Next, we implement the insert and remove methods. Since these methods interact with MaybeUninit, we need to be a bit more careful with the inevitable unsafe code.

It is best practice (ideally not just in Rust) to add a "safety comment" for all uses of unsafe code. As its name suggests, safety comments should explain why it is safe to invoke an unsafe procedure. Typically, it clarifies the (internal and external) invariants that are upheld before and after the procedure.

use core::mem::replace;

impl<T> Block32<T> {
    // Inserts a `value` at `index`. Returns the old value, if any.
    pub fn insert(&mut self, index: usize, value: T) -> Option<T> {
        // Extract the old value
        let wrapped = MaybeUninit::new(value);
        let old_vacant = self.is_vacant(index);
        let old_value = replace(&mut self.data[index], wrapped);

        // Ensure that the bit in the mask is set to 1
        self.mask |= 1 << index;

        // Return the old value
        if old_vacant {
            None
        } else {
            // SAFETY: Old value has been verified
            // to be properly initialized.
            Some(unsafe { old_value.assume_init() })
        }
    }

    // Removes a `value` at `index`. Returns the old value, if any.
    pub fn remove(&mut self, index: usize) -> Option<T> {
        if self.is_vacant(index) {
            return None;
        }

        // Extract the old value
        let dest = &mut self.data[index];
        let old_value = replace(dest, MaybeUninit::uninit());

        // Ensure that the bit in the mask is reset to 0
        self.mask &= !(1 << index);

        // SAFETY: We have verified that the slot is not vacant.
        Some(unsafe { old_value.assume_init() })
    }
}
Enter fullscreen mode Exit fullscreen mode

Finally, we implement the getter methods.
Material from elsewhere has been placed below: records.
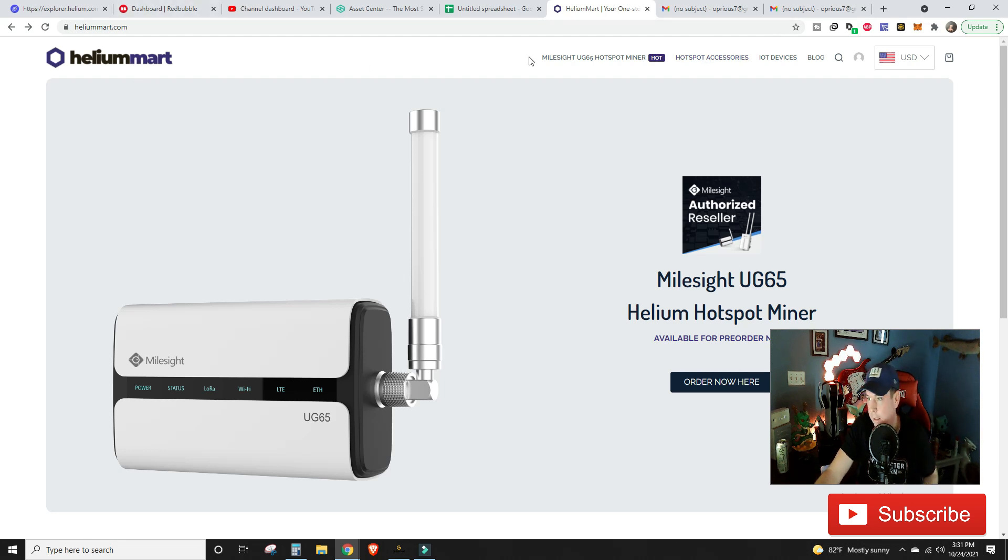Mile Site and Helium Mart has officially been an authorized reseller of the Mile Site miners. Also say thank you by buying a t-shirt down in the link of this video.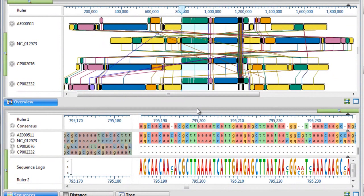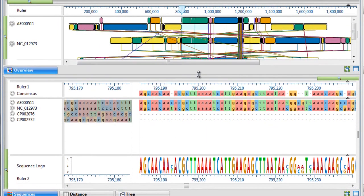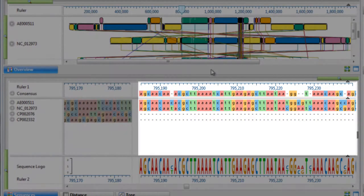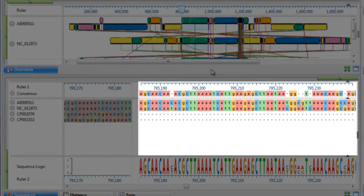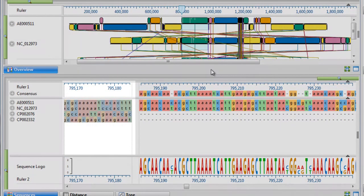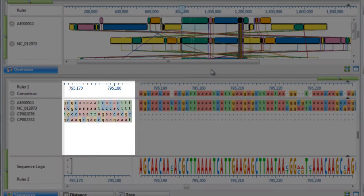We can then choose to examine the active block in the Sequence View. Residues for the active block in the Sequence View are shown in bright colors, while the flanking sequences in adjacent blocks appear dimmed.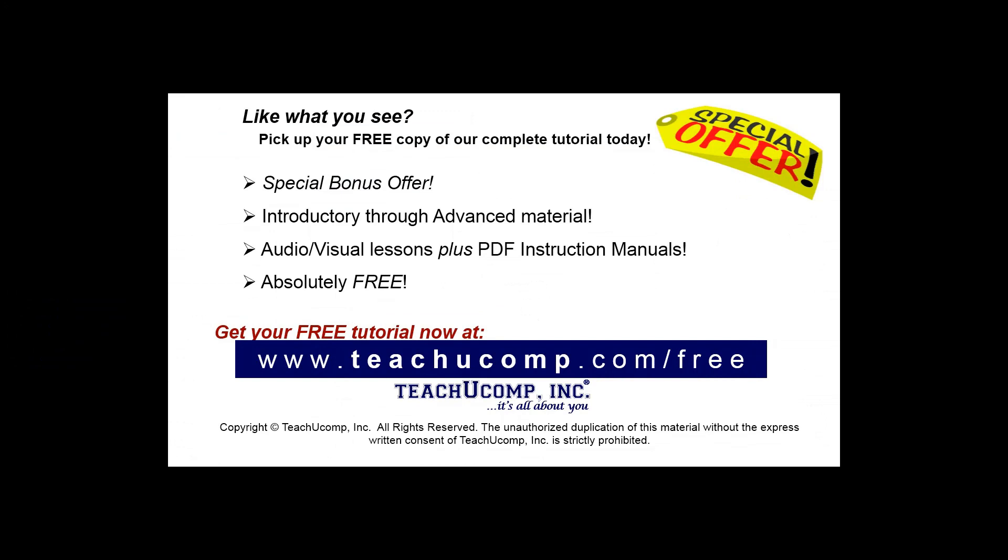Like what you see? Pick up your free copy of the complete tutorial at www.teachucomp.com forward slash free.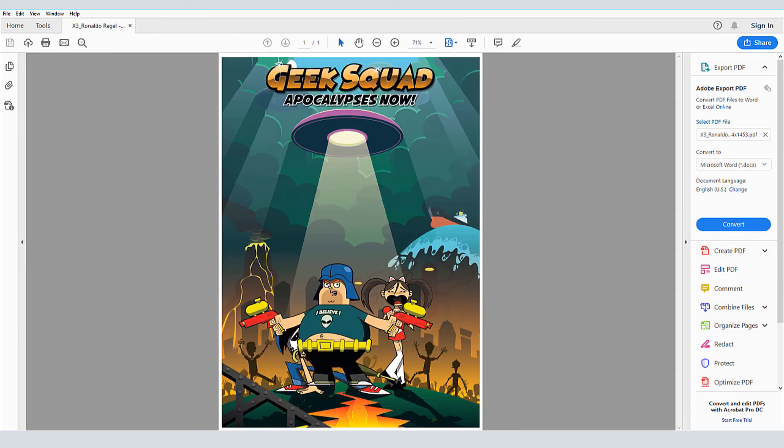With new support for PDF-X4, CorelDRAW makes it easier than ever to prepare your documents for print and ensure that they are compatible with the widest range of devices.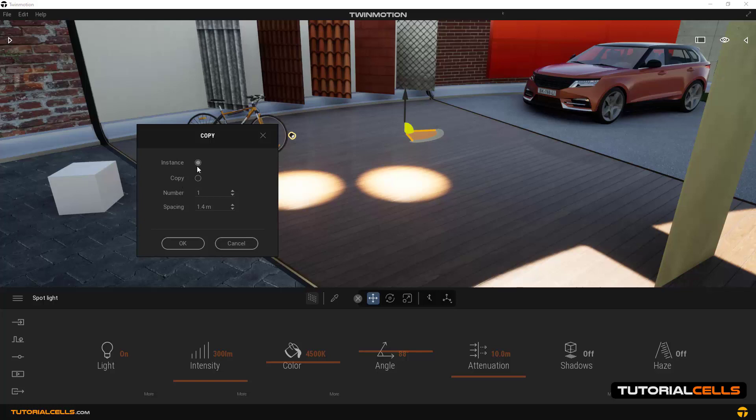In instance, the objects are relative to each other. In the number field, specify the desired number of copies.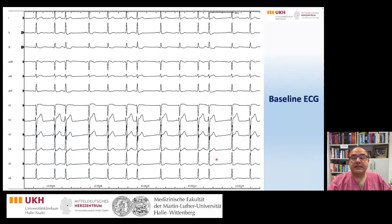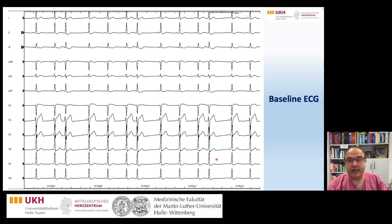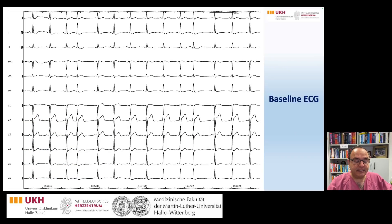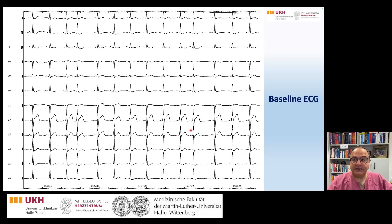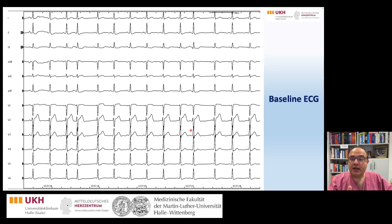The baseline ECG shows frequent premature atrial contractions, and in the next ECG we see one PAC with a longer coupling interval, which enables us to analyze the P-wave morphology and so somehow localize the PAC before catheter ablation.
These are relatively more straightforward because we do not have to think about mutating the internal bit mask.

impl<T> Block32<T> {
    // Immutably borrow the value at `index`.
    pub fn get(&self, index: usize) -> Option<&T> {
        if self.is_vacant(index) {
            None
        } else {
            // SAFETY: Slot is initialized.
            Some(unsafe { self.data[index].assume_init_ref() })
        }
    }

    // Mutably borrow the value at `index`.
    pub fn get_mut(&mut self, index: usize) -> Option<&mut T> {
        if self.is_vacant(index) {
            None
        } else {
            // SAFETY: Slot is initialized.
            Some(unsafe { self.data[index].assume_init_mut() })
        }
    }
}
Enter fullscreen mode Exit fullscreen mode

Implementing Clone

We must now enable to user to clone the DAT as they please. Unfortunately, we cannot simply derive(Clone) in our implementation. Assuming that the inner type T implements Copy, the Clone implementation is surprisingly trivial.

//     `T` must implement `Copy`...
//     👇
impl<T: Copy> Clone for Block32<T> {
    fn clone(&self) -> Self {
        Self {
            // Recall that `MaybeUninit<T>` implements `Copy` if
            // (and only if) `T` implements `Copy` as well.
            // Therefore, a bitwise copy of an array of `T` values
            // should be trivial.
            //
            // There are no extra lifetime considerations here since
            // `Copy` guarantees that `T` cannot implement a fancy
            // `Drop` implementation (stated in the documentation).
            data: self.data,
            mask: self.mask,
        }
    }
}
Enter fullscreen mode Exit fullscreen mode

However, there is one glaring issue with this approach. It is considerably uncommon for types to implement Copy! Ideally, we want to implement Clone for our DAT if (and only if) the inner type T implements Clone as well. Requiring Copy is just too restrictive!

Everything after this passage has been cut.